• **Work to complete**: No pictures belong in the copy. Retype exactly, and only, the stretch of lines below from the one with "Shorinji Kempo?" through the one with "6/269 Main Street, Osborne".

• **The input**:
====

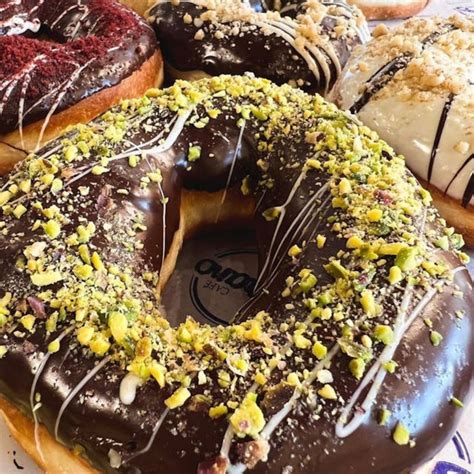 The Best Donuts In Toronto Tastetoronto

====

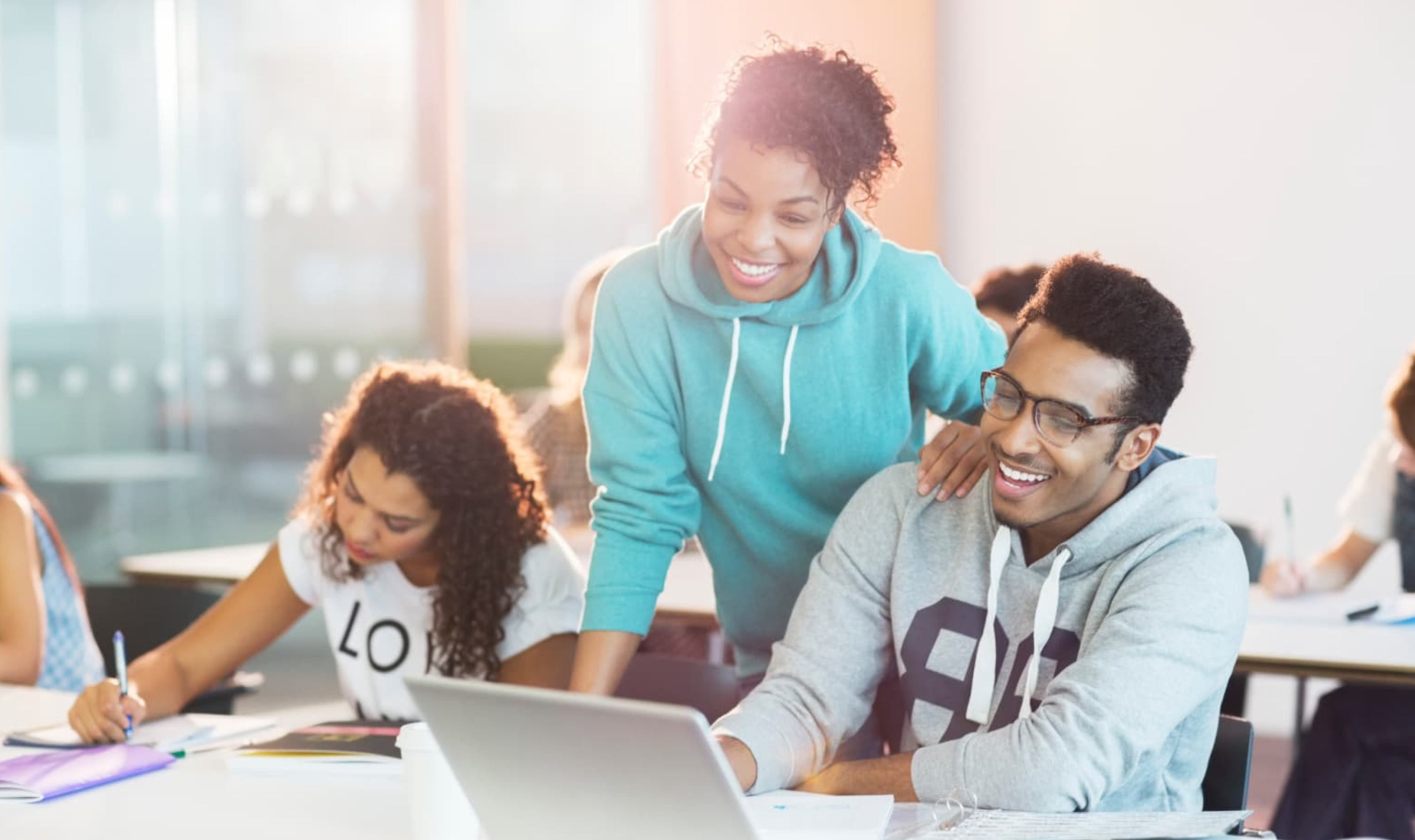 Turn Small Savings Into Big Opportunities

====

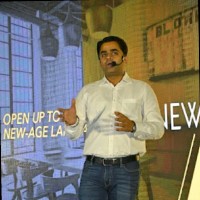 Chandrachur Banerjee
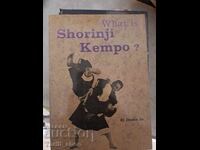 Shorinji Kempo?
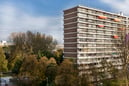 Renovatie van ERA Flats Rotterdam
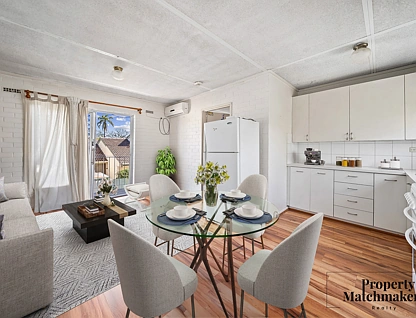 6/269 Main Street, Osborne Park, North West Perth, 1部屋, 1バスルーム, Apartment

====

• **Result of the task**:
 Shorinji Kempo?
 Renovatie van ERA Flats Rotterdam
 6/269 Main Street, Osborne Park, North West Perth, 1部屋, 1バスルーム, Apartment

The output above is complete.